Amazon.com: Used and New: Makita 192035-6 Router Dust Nozzle (3606,3612,3621 Series)

===



Clover4 said:


> Thanks Bob - A little more digging on Amazon and I came up with this:
> 
> 192035-6 part number (Sorry, I cannot post the url because of my limited post count)
> 
> Which is very similar to your suggestion and a reviewer confirmed it worked with the 2301FC!


----------



## Clover4 (Nov 19, 2011)

I hear ya!


----------



## TheOakDude (Oct 11, 2011)

I ahve only just bought this router and lucky me, that dust adaptor came with it.
It does work well though.


----------



## Clover4 (Nov 19, 2011)

TheOakDude said:


> I ahve only just bought this router and lucky me, that dust adaptor came with it.
> It does work well though.


That's good it was included on yours and that it works - Since I purchased the dust accessory separately, I am hoping the router does not include it here in the states- What an odd thing to hope for!:'(


----------



## Clover4 (Nov 19, 2011)

TheOakDude said:


> I ahve only just bought this router and lucky me, that dust adaptor came with it.
> It does work well though.


Oak - any chance you have a photo of your dust adapter?

Rod


----------



## TheOakDude (Oct 11, 2011)

No Probs Rod,
as soon as i get a minute will post.
thanks


----------



## TheOakDude (Oct 11, 2011)

Hee you go Rod,
hope this helps.


----------



## Clover4 (Nov 19, 2011)

Fantastic shots! I really appreciate it. The one I received from Amazon (that a user mentioned worked with the router is not the same as what you have) I don't know if they shipped the wrong one or not... I also called Makita USA and they told me they don't make a dust nozzle for this router!!!! Sheesh, what a pain...
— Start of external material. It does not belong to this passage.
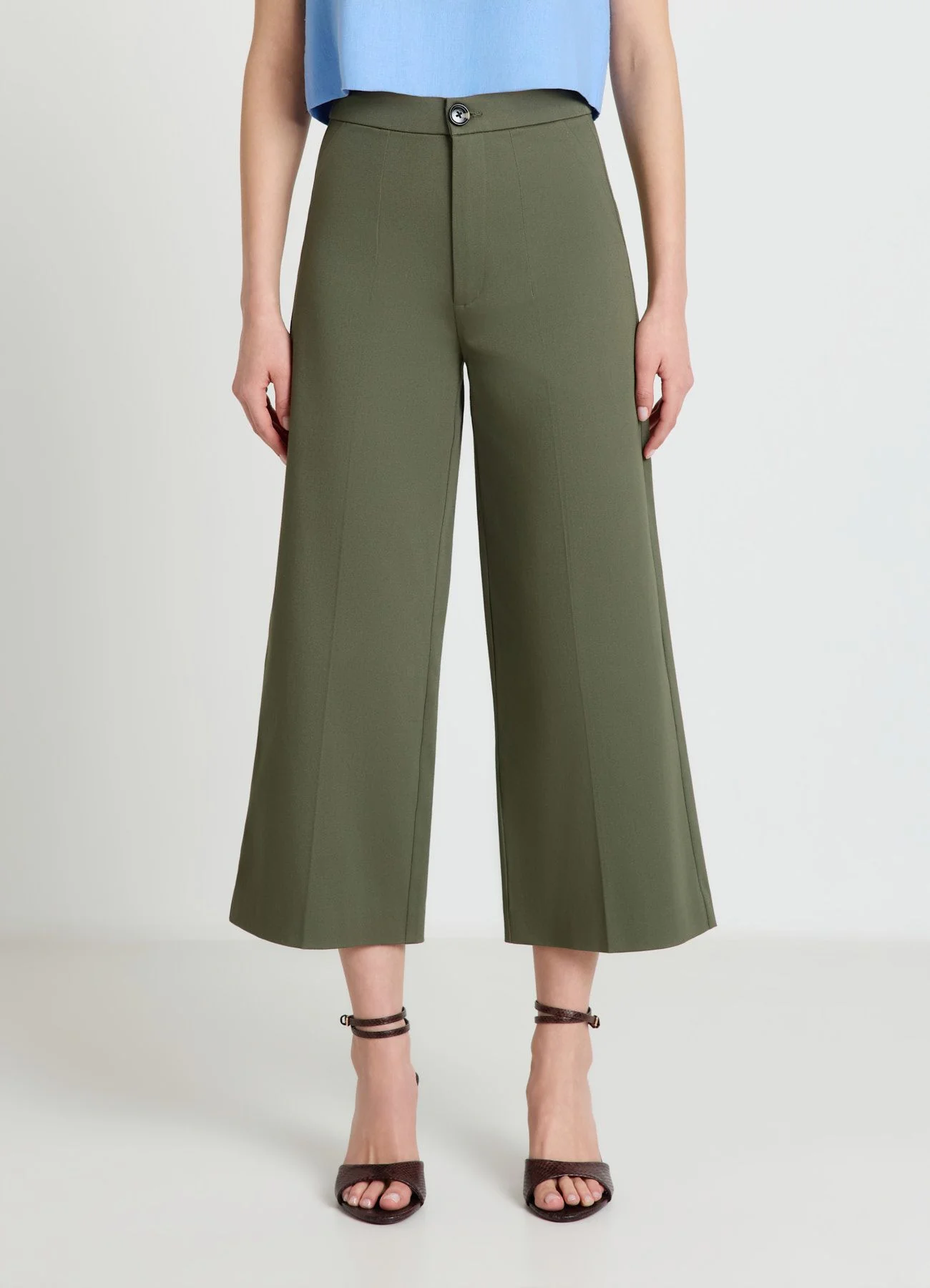 Pantaloni culotte sartoriali - Image 3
Does there happen to be a part number on it I could use as reference?

Thanks again,

Rod


----------



## TheOakDude (Oct 11, 2011)

Hi Rod,
suspect you got the jobsworth customer service nob.
Check ot this website
Makita USA - Tool Details - RP2301FC
kindly given to me from a router forum person.
Also, Makita UK
Part no is 
DUST NOZZLE ASSY RP2301/1801
122850-4

If they cant get one from USA Makita, I could probably get you one and ship it to you, we can sort something out I'm sure.
It doesnt take it all away but approx 50%, dependant upon the suction power of the vac you have attatched.
Hope this helps.
Good luck with the customer services nob.
Paul


----------



## Clover4 (Nov 19, 2011)

Thanks Paul - no luck here. Looks like it's only avail in the UK or Aust. 
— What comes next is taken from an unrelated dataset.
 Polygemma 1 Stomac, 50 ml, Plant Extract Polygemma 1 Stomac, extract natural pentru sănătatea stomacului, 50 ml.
I cannot order it from Makita USA. 

If you had the time and wanted to pursue it. I'd gladly pay you upfront via paypal. No worries if this is too much of a pain.

Take care -

Rod


----------



## TheOakDude (Oct 11, 2011)

I will look into it and let you know...
cheers


----------



## Clover4 (Nov 19, 2011)

Thanks Paul! another option: if you see it online in the UK that you could point me to I could order direct...


----------



## TheOakDude (Oct 11, 2011)

Yeah that will be better, have made some enquiries with makita direct asking if avail and how much and he replied that I can get ryobi parts from x place?????Another nob customer services nutcase.
Will let you know as soon as I have anything.
cheers


----------



## CJnAustell (Feb 12, 2012)

where did you buy your Makita router that included the dust collector?
thanks for the pics (TheOakDude)!
I am looking for the same setup on a new 2301-FC


----------



## CJnAustell (Feb 12, 2012)

does anyone know much about the Betterley Tools STA-VACC system to fit the 2301FC?


----------



## TheOakDude (Oct 11, 2011)

Hi there, got the Makita rp2301fcx from a company called Toolstop easily found on internet, was £279.00 then now £319.00 3 months later...
They are however a very good company to deal with. Also Axminster are selling it at same price now though not certain if they include dust nozz.


----------



## CJnAustell (Feb 12, 2012)

*Betterley Tools STA-VACC system to fit the 2301FC*

I called and spoke with top router guy at Betterley Tools about the STA-VACC system and he said that it will fit the 2301fc. It is a complete base replacement but will produce 90-95% dust collection. There is a video on uTube about this one too. Total setup runs $149. Really thinking hard about this purchase. Any input would be appreciated.
Thanks.


----------



## Clover4 (Nov 19, 2011)

CJnAustell said:


> where did you buy your Makita router that included the dust collector?
> thanks for the pics (TheOakDude)!
> I am looking for the same setup on a new 2301-FC


I bought mine locally but it did not come with the dust nozzle- part nbr 122850-4. The US models do not have them, which is really dumb IMO.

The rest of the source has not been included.